5 Tips to Cure Depression Without Drugs

I have a history of depression. Anybody who has suffered or suffers from this condition knows it’s not fun and knows of the troubles lifting oneself out of this low state of being. Depression is an illness that affects many people, and may include some of your friends and family.

As a sufferer of depression, I was prescribed antidepressant medication to rectify the illness. However, I instead decided to take control of my own life and make positive enhancements to cure depression without the use of drugs. As a result of simple changes, I became happier and more vibrant through diet and lifestyle alterations.

Depression is complex, but ultimately comes down to chemical imbalance in the brain – this is what antidepressants aim to fix. Rather than treating only the symptoms, which drugs are designed to do, we can tackle the root causes.

Here are 5 tips to beat depression:

  1. Maintain omega fatty acids balance
  2. Get adequate sunshine
  3. Consume whole grains
  4. Eat more bananas
  5. Carb up

Maintain omega fatty acids balance

Maintaining a balance of omega3 and omega6 fatty acids is essential to good health, brain function and mood regulation. Unfortunately in today’s society the trend is too much omega6 and not enough omega3. What’s especially important for tackling depression is EPA. Predominant sources of EPA come from fish oil, algae oil or byproducts of yeast.

What we really want to do though is reduce omega6 fats – essentially entailing cutting out all non-supplementary oils. Then eat higher amounts of omega3 packed foods such as flaxseeds (which should be ground and can be sprinkled over meals) or chia seeds.

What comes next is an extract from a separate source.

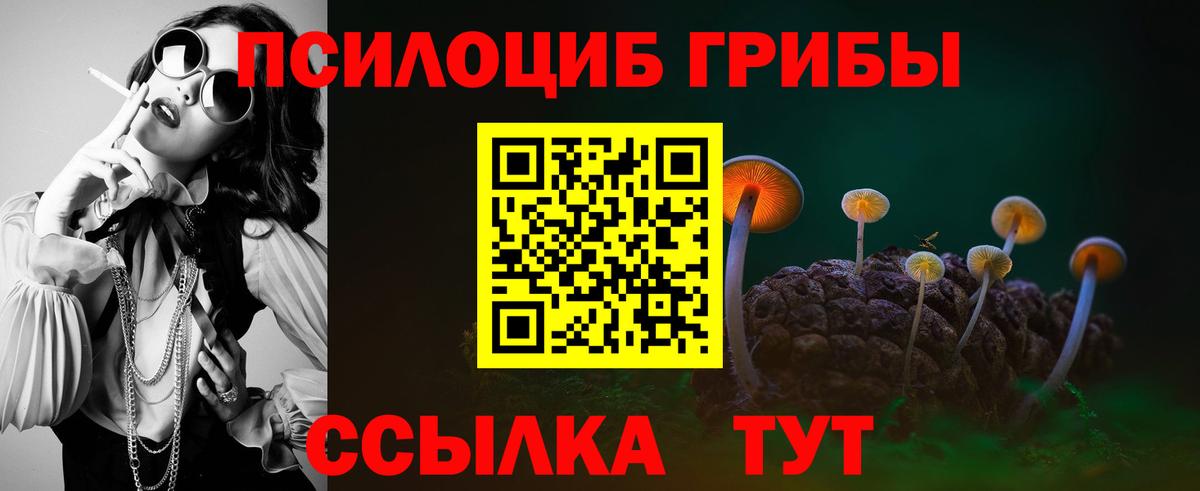 Псилоцибиновые грибы Magic Shrooms Мценск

The general aim should be to maintain omega fatty acids ratio of 1:6 – meaning, one part omega3 to every six parts of omega6. This ensures optimal functioning for a healthy body.

If you choose to supplement, make sure to get a good source of EPA rather than DHA (many supplements contain both), as EPA is more effective for fighting low moods. For depression, a good dosage is at least 500mg of EPA per day, which should get balances back to a healthy state.

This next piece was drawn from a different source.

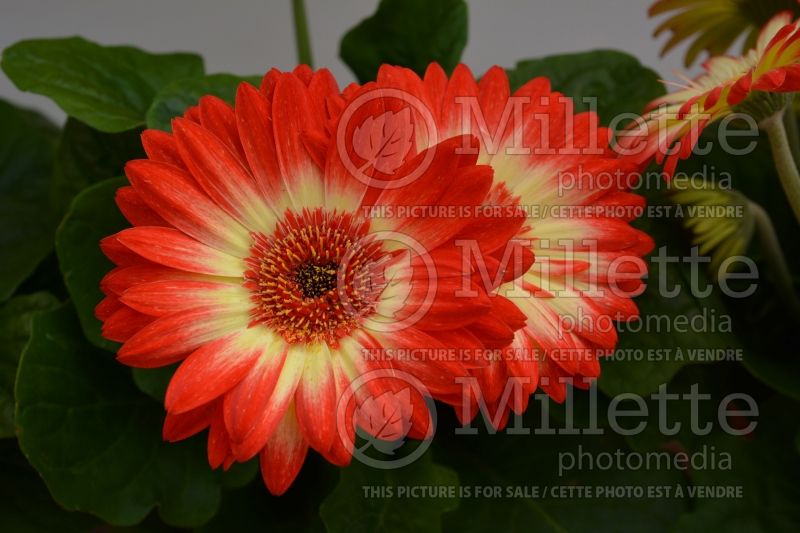 Gerbera Revolution Bicolor Red Lemon (African Daisy)  1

Personally I no longer supplement omega3 (EPA or DHA), but I regularly consume flaxseeds and eliminate oils and overt fats through following a low-fat dietary lifestyle. This balance of fatty acids helps keep my moods high and shiny!

Get adequate sunshine

The sun gives us a lot of benefits, the least of which is aid in helping keep us active and (hopefully!) socializing. What’s most important however is Vitamin D – an essential hormone which unfortunately many people are deficient in. Our skin is the best producer of this hormone, so long as it receives a good amount of exposure to the sun.

Vitamin D can also come in the form of supplements – D3 and D2 – or through fortified foods such as milks and cereals. During the winter supplementation may be advisory due to lesser UV light and also greater indoor activity and less skin exposure. Another option is a sun lamp.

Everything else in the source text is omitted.